The power dissipated in the high-side MOSFET is given by:

$$ P_{Q1} = I_{rms\_Q1}^{2} \times R_{DSON1} $$

(14.21)

where R _DSON1 is the on-time drain-to-source resistance of the high-side MOSFET.

$$ P_{Q1} = \frac{{V_{o} }}{{V_{IN} }}\left( {I_{o}^{2} + \frac{{\varDelta I^{2} }}{12}} \right)R_{DSON1} $$

(14.22)

The power dissipated in the low-side MOSFET is given by:

$$ P_{Q2} = I_{rms\_Q2}^{2} \times R_{DSON2} $$

(14.23)

where R _DSON2 is the on-time drain-to-source resistance of the low-side MOSFET.

$$ P_{Q2} = \left( {1 - \frac{{V_{o} }}{{V_{IN} }}} \right)\left( {I_{o}^{2} + \frac{{\varDelta I^{2} }}{12}} \right)R_{DSON2} $$

(14.24)

The total power dissipated in both MOSFET’s is given by:

$$ P_{FET} = P_{Q1} + P_{Q2} $$

(14.25)

$$ P_{FET} = \left( {I_{o}^{2} + \frac{{\varDelta I^{2} }}{12}} \right)\left[ {\left( {1 - \frac{{V_{o} }}{{V_{IN} }}} \right)R_{SDON2} + \frac{{V_{o} }}{{V_{IN} }}R_{SDON1} } \right] $$

(14.26)

where

$$ \varDelta I = \frac{{\left( {V_{IN} \times V_{o} - V_{o}^{2} } \right)}}{{L \times f \times V_{IN} }} $$

(14.27)

and:

L = Inductance (H)

f = Frequency (Hz)

V _IN  = Input voltage (V)

V _o  = Output voltage (V)

• MOSFET Conduction Losses

For typical buck power supply designs, the inductor’s ripple current, ΔI, is less than 30 % of the total output current, so the contribution of ΔI ₂/12 to the is negligible and can be dropped to get:

$$ P_{FET} = I_{o}^{2} \left[ {\frac{{V_{o} }}{{V_{IN} }}\left( {R_{SDON1} - R_{SDON2} } \right) + R_{SDON2} } \right] $$

(14.28)

Note that when \( R_{SDON1} = R_{SDON2} \), then:

$$ P_{FET} = I_{o}^{2} \times R_{SDON2} $$

(14.29)

The power dissipated in the MOSFET is independent of the output voltage. By using Eq. (14.29) the conduction losses of MOSFET can be calculated at any output voltage. On the other side, inductor conduction losses and switching losses etc. are independent of output voltage and remains constant with change in output voltage [22].

Hence, P _D now can be computed as:

$$ P_{D} = P_{L} + P_{FET} + other losses $$

(14.30)

There are some other types of losses such as the MOSFET switching losses, quiescent current etc. At any output voltage, the overall efficiency can be calculated by the known total power supply losses and power supply output power.
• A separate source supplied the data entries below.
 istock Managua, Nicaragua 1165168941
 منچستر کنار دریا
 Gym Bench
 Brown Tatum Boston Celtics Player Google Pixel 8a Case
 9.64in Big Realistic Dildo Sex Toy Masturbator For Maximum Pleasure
$$ \eta = \frac{{P_{o} }}{{P_{o} + P_{D} }} $$

(14.31)

14.6 Total Cable Cost

The voltage drop across the feeder cable and current is high for the 12 V DC systems. The dependency of these losses is on the household appliances as well as on the cable size (length and cross sectional area). For the 12 V DC systems, the current is double for the appliances of same power rating compared to the 24 V DC systems. Hence, power losses and voltage drops will decrease by increasing the voltage rating. If the wire resistance is reduced then the power losses across the cable can be reduced, as the resistance is inversely proportional to the cross section of the wire. The losses in the cable can be reduced by increasing its cross-sectional area. For example in a load of 500 W the power losses reduces 40 % if a 2.5 mm² cable is used instead of a 1.5 mm² cable. However, when the cross-sectional area increases it will definitely increase the copper cost used in the cable. The total cost of the cable can be minimized by minimizing the cross sectional area of the cable [29].

The total cost of the cable is calculated as the sum of the investment cost of the cable and the cost of the losses in the cable.

The total annual cost is calculated as:

$$ C_{t} = C_{c} + \frac{{W_{fl} }}{year} \times N \times C_{e} $$

(14.32)

where C _t the total cost, C _c the cable cost, W _fl feeder energy loss, N life time and C _e energy cost. The life time is assumed to be 25 years and the energy cost Rs.1 / kWh. From Fig. 14.8, it is seen that the copper wire cost increases almost linearly with the cross section of wire.

Fig. 14.8

Cable size versus prices in Indian scenario

The annual cable cost can be expressed as:

$$ C_{c} = \left( {C_{ 1} + C_{ 2} A} \right){\text{Rs}}. $$

(14.33)

The annual cost of energy waste can be calculated as:

$$ C_{ew} = \frac{{C_{3} }}{A}{\text{Rs}}. $$

(14.34)

Total annual cost

$$ C_{t} = \left( {C_{1} + C_{2} A + \frac{{C_{3} }}{A}} \right)l $$

(14.35)

where C1, C2, C3 are constant and A is the cross sectional area of conductor.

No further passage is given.